=== TO DO ===
Repeat exactly the lines that run from the start of the records below to the line with "Photo of property", including both of those lines but not the pictures.

=== DATA FOR THIS TASK ===

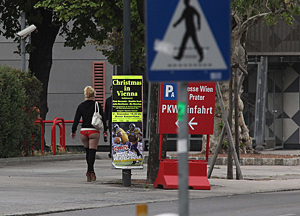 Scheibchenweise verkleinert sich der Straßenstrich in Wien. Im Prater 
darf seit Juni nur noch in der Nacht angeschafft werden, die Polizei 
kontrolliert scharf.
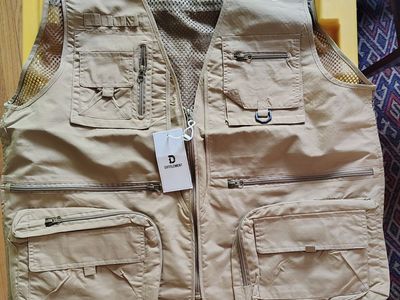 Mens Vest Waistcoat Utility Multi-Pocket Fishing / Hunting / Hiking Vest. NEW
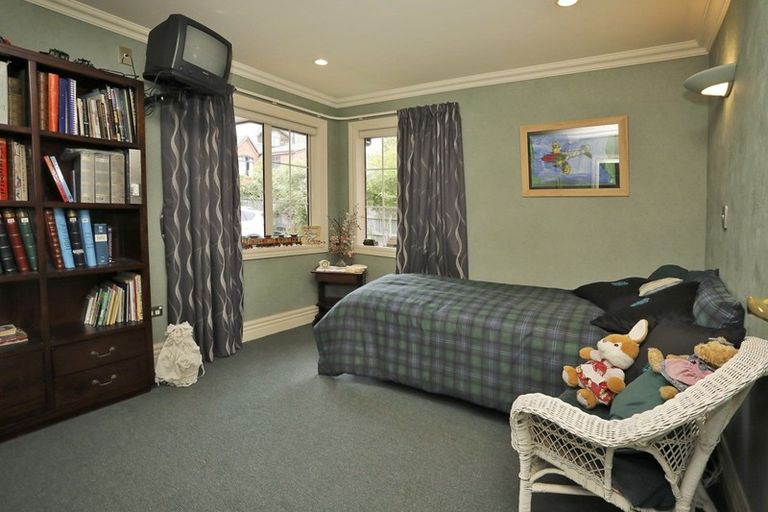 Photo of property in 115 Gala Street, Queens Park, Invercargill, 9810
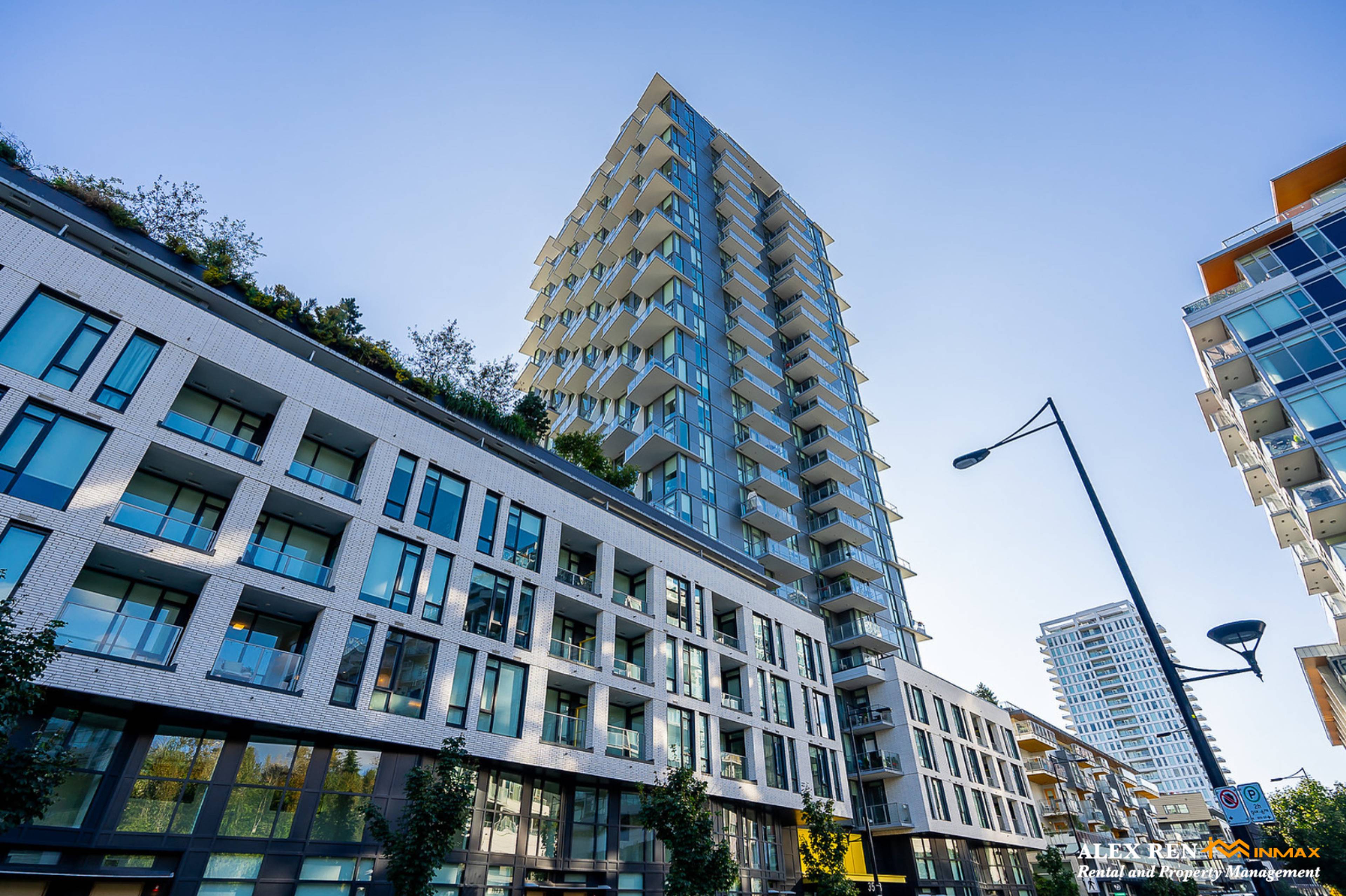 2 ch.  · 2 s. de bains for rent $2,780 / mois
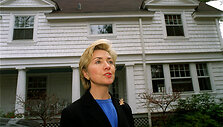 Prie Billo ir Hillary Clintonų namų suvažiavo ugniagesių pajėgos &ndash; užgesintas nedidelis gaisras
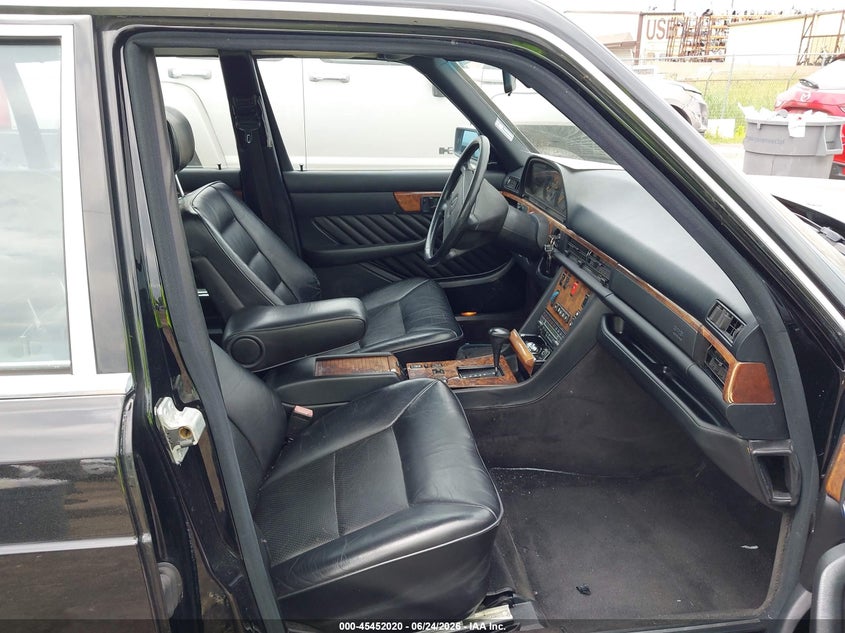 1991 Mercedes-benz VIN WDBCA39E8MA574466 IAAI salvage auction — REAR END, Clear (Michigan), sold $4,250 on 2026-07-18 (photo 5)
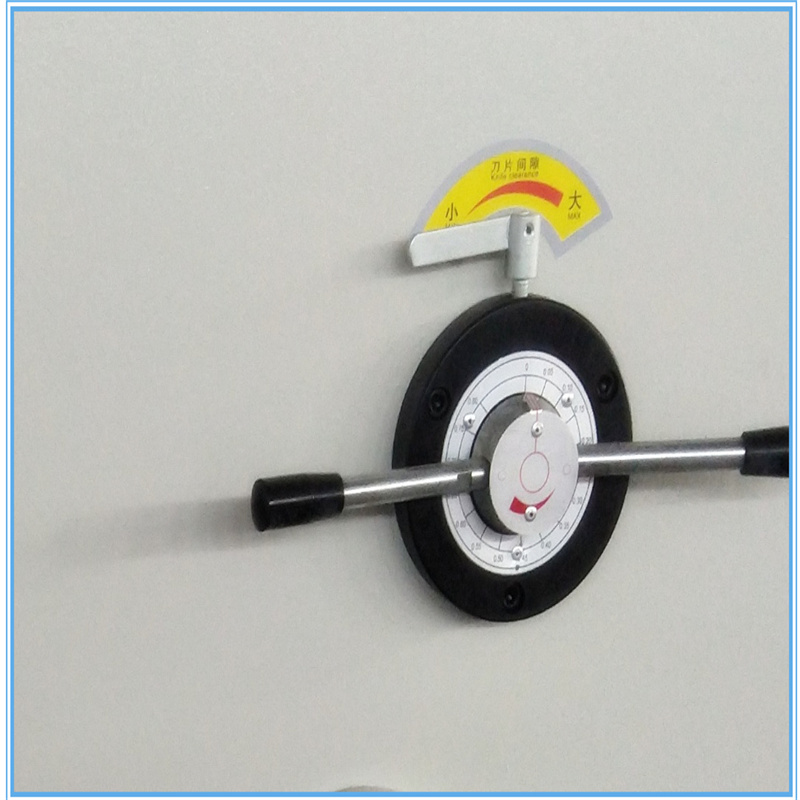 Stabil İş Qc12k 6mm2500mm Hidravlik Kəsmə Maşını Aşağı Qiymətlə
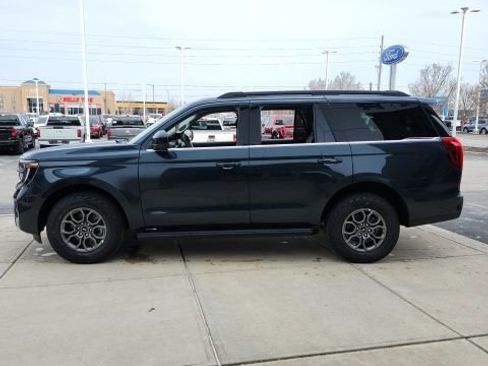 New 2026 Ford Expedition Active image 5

=== EXPECTED ANSWER ===
 Scheibchenweise verkleinert sich der Straßenstrich in Wien. Im Prater 
darf seit Juni nur noch in der Nacht angeschafft werden, die Polizei 
kontrolliert scharf.
 Mens Vest Waistcoat Utility Multi-Pocket Fishing / Hunting / Hiking Vest. NEW
 Photo of property in 115 Gala Street, Queens Park, Invercargill, 9810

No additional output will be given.